Sabtu, 24 Mei 2025

Anies-Sandi Menang, Pemeriksaan Kasus Ancaman Pemerkosaan Pada Ahokers Harus lanjut

JAKARTA- Pasca Pilkada DKI Jakarta yang telah memenagkan Anis-Sandi masih menyisakan berbagai persoalan. Salah satunya laporan polisi atas ancaman pemerkosaan terhadap para perempuan pendukung Ahok. Sejumlah organisasi dan individu memastikan akan terus mengawal dan memastikan Polri menindak lanjuti laporan polisi yang sudah disampaikan beberapa waktu lalu.

“Ancaman tersebut adalah kejahatan yang punya pengaruh politik. Walaupun Anis- Sandi, Kapolri Tito Karnavian harus menegakkan keadilan untuk melanjutkan pemeriksaan pada kasus ancaman pemerkosaan pada relawan dan pendukung Ahok yang disiarkan di media sosial. Cari dan bawa ke meja pengadilan dan hukum pelaku ancaman itu,” tegas Helga Worotitjan, aktivis perempuan kepada Bergelora.com di Jakarta, Jumat (21/4)

Karena menurutnya ada kemungkinan kejahatan tersebut akan digunakan lagi dalam peristiwa lain karena sudah terbukti efektif secara politik.

“Kalau gak dilanjut terus dihukum dapat dipastikan akan ada terus, cara ini dipakai terus untuk memenangkan kepentingan politik tertentu, ancaman ini terbukti efektif,” ujarnya.

Ia mengajak kaum perempuan Indonesia yang sadar untuk bangkit mengawal kasus ini sampai pelaku diberikan hukuman setimpal. Menurutnya percuma setiap tahun memperingati hari kartini tetapi membiarkan cara-cara politik yang menindas dan memanipulasi kesadaran kaum perempuan.

“Bila tidak, masyarakat tidak tahu kalau ada hukuman bila menyebarkan ujaran kebencian kepada kaum perempuan. Apalagi yang sampai melakukan provokasi untuk berbuat jahat dan melanggar hukum, harus ditindak tegas.

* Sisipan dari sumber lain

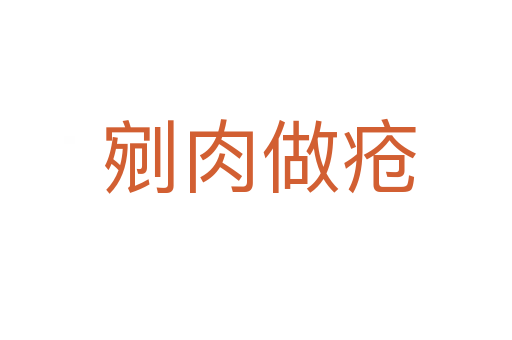 剜肉做疮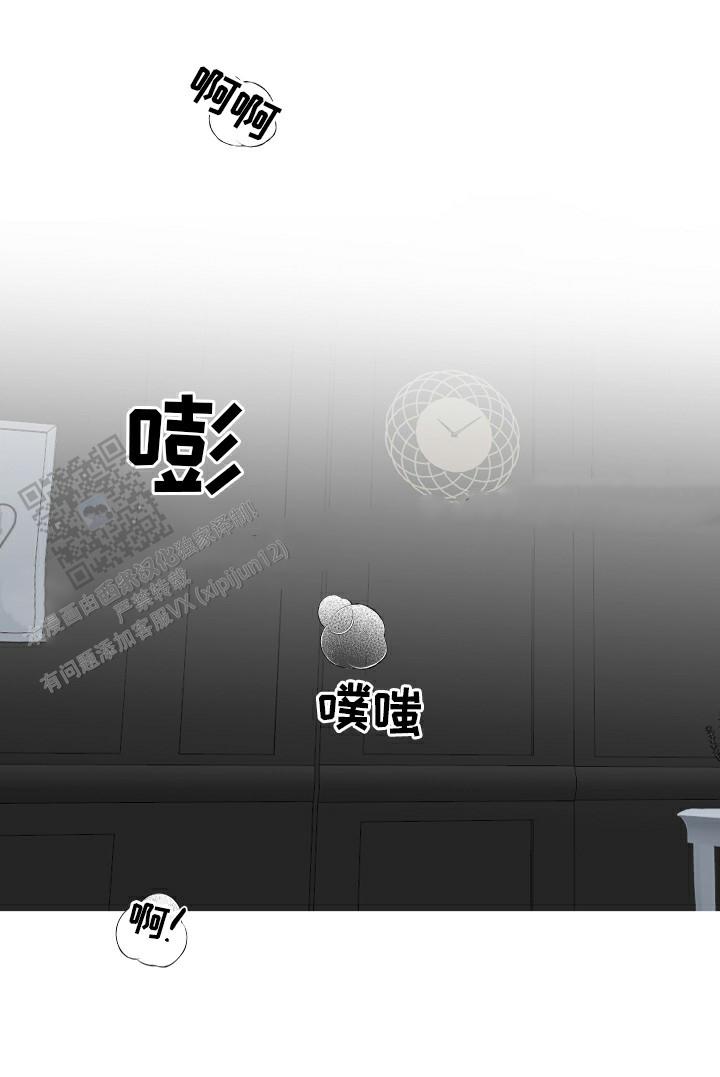 如果和黑帮老大恋爱的话2漫画,第49话1图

Ini memastikan agar tidak terulang lagi di masa yg akan datang,” ujarnya.                       

Helga Worotitjan kaum perempuan harus tahu bahwa ada pasal dalam KUHP yang melarang melakukan ancaman pemerkosaan di media sosial.

“Pasal 156 KUHP berbunyi, “Barang siapa di muka umum menyatakan pernyataan perasaan permusuhan, kebencian, atau penghinaan terhadap suatu atau beberapa golongan rakyat Indonesia diancam dengan pidana penjara paling lama 4 tahun atau pidana denda paling banyak Rp 4.500,” tegasnya.   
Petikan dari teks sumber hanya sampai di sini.